Image by Vesna Harni from Pixabay
Michael Arndt (IMDB entry) is a screenwriter well known for writing Little Miss Sunshine, Star Wars VII and Toy Story 3. He spoke at the London Screenwriters Festival and recently released a video about his experience of writing Toy Story 3. I've pulled together some brief notes from both his talks, see below:
In the setup or first scene, we want to establish our protagonist(s) in a way that we like them, care aobut them and want what they want. This last one is interesting, want what they want. I suppose this is so we become a cheerleader for their journey.
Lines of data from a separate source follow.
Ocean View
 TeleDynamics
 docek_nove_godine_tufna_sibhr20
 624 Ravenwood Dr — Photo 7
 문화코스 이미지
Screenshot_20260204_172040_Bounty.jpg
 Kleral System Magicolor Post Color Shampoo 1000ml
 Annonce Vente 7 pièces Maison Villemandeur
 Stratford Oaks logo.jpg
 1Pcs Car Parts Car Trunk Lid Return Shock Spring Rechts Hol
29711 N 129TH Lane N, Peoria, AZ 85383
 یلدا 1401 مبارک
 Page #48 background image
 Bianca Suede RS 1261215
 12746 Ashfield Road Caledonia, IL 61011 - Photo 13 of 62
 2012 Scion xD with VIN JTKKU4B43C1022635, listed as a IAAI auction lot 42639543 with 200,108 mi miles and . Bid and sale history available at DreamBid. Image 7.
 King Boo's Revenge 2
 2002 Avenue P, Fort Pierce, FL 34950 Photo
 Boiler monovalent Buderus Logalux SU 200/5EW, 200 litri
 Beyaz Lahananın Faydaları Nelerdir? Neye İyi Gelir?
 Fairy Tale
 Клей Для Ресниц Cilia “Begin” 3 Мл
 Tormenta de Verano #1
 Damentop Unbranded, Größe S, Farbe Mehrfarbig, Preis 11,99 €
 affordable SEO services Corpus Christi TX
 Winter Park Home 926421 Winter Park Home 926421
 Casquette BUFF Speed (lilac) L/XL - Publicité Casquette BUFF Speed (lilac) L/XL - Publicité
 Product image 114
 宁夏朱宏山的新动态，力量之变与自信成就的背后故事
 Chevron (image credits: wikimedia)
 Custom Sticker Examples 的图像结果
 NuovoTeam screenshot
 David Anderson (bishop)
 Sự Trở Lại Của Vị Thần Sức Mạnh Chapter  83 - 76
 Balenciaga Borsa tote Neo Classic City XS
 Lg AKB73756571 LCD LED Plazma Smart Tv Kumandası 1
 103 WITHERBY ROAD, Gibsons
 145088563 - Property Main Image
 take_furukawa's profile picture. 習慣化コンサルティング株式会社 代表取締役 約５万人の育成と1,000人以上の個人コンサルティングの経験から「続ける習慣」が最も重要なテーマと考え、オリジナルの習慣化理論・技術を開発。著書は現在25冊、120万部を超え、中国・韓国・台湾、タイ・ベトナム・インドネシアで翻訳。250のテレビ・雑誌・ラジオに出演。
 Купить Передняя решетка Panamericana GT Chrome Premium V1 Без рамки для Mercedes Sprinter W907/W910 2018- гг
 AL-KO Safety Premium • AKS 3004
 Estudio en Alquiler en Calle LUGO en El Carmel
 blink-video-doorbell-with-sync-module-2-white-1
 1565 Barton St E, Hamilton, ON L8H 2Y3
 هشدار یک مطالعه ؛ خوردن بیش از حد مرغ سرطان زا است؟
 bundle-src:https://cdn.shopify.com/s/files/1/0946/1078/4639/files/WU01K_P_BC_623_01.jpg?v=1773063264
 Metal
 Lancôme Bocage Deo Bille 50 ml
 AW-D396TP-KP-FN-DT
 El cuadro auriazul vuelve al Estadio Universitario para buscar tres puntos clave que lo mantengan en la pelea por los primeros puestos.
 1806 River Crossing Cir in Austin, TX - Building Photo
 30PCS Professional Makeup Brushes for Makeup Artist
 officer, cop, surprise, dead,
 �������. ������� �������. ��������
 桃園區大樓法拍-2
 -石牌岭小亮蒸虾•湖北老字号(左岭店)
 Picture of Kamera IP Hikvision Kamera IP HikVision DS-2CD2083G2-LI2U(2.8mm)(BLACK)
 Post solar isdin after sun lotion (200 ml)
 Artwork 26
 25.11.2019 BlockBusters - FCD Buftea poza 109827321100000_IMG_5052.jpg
It does somewhat dictate that the thing they want is not abhorrent.
A writer should establish
- Establish characters
- Establish relationships
- Establish backstory
- Set up expectations for the future
When Michael wrote Toy Story 3 it took him several years and is well documented in his video wheich I watched this week. It showed the many times they got stuck as well as the process of iteration through both the rapid creation of viewable versions of the script as well as through discussions with Pixar's Brain Trust.
Before the inciting incident, the protagonist(s) should have a clear sense of their future, it should be:
One of the problems he faced was how to make the toys hate Andy. It needs to powerful to force them on their journey. At the beginning there are several options for what might happen to them as Andy leaves for college. They all believe the attic is the likely choice which they're comfortable with. However, throwing out is the most forceful choice but he just wanted do that too them. So it had to be a mistake - this was a breakthrough for Michael. In essence, he worked back from the inciting incident being the toys left in a bin bag on the sidewalk. Plot backwards.
An inciting incident should be:
- Be a bolt from the blue
- Change the future
- Change sense of self
- Change sense of world
- Often worse (or best) possible thing
- Insult to injury
He gives other examples e.g. The Bicycle Thief, Cinderella, Star Wars where the inciting incident really drives them forward into Act 2. He's happy with a 40 page 1st act and shorter second act than traditionally written. In Star Wars (number 4) there's a clear trajectory to get to Alderon but it’s gone when they arrive. This is expanded in the new video, where he says that your protagonist needs a clear 2nd Act goal that gets uprooted later.
The 1st Act Break/Act 2 goal should be:
- Sympathetic and compelling global goal
- Specific and clear plan
Michael also discusses the midpoint. In Toy Story 3 they realise (through the lost eye) that Andy did want them so they head back. So we have a clear direction to the midpoint, then a 180 degree swivel with a new direction. You should plant the flag for the midpoint and a flag for the end of Act 2 early on. The midpoint should occur for all the characters at the same time. At this moment, the antagonist has won the argument.
The second Act break should affect all 3 stakes of your story:
So in Toy Story 3, its
- Will they go home or go to dump?
- Does Andy love them or not?
- Is the love between toys and kids real?
and your hero must fail at all 3. They must face the ugly truth, the dark side of their nature.
If you have the 3 stakes then you need 3 climaxes that follow, starting with the philosphical, where they realise something about themselves and they make a change. They have an epiphany that's resonant for everyone. So in Toy Story 3:
- (Answering 3) Yes, the love is real but that doesn't mean you always will be together. Seen by watching Andy with his mother.
- (1) The toys will go to Bonnie
- (2) Andy tells Bonnie that he does care about them
I found this a fascinating talk, partly to see behind the scenes and how Pixar works and just the fact it took 3 years and the circles they went in. But of course, the insights are great too.
I watched the Days of the Bagnold Summer last night which I enjoyed and the plan for Daniel's holiday was clear, he was going to see his father in America. The cancellation of this is a bolt from the blue. However, the next goal for the protagonist is set by his mother, to get a summer job. He tries but fails. His mother is the mentor/buddy antagonist. The longer goal is buy some shoes for a wedding, the solution of which seems to be a compromise which was fairly obvious from the beginning.
The midpoint is not that clear but I suspect it's where he chooses to join a band but chickens out. For his mother it's having a date and then not a second one. So they both feel that they might as well give up on their dreams. However, I wasn't clear what the philosphical question or the internal and external drivers for Daniel. The 2nd Act break appears to be the death of Riley but I wasn't clear how this affected the 3 stakes - perhaps because I'm not sure what they are to start with. As a guess, he wants to be left alone/his mother to be cool, he needs ? and is the philosphical question life's too short, perhaps.
Anyway, I'll be using Michael's tools in my next redraft of Orbital. Some of the elements are there already or possible.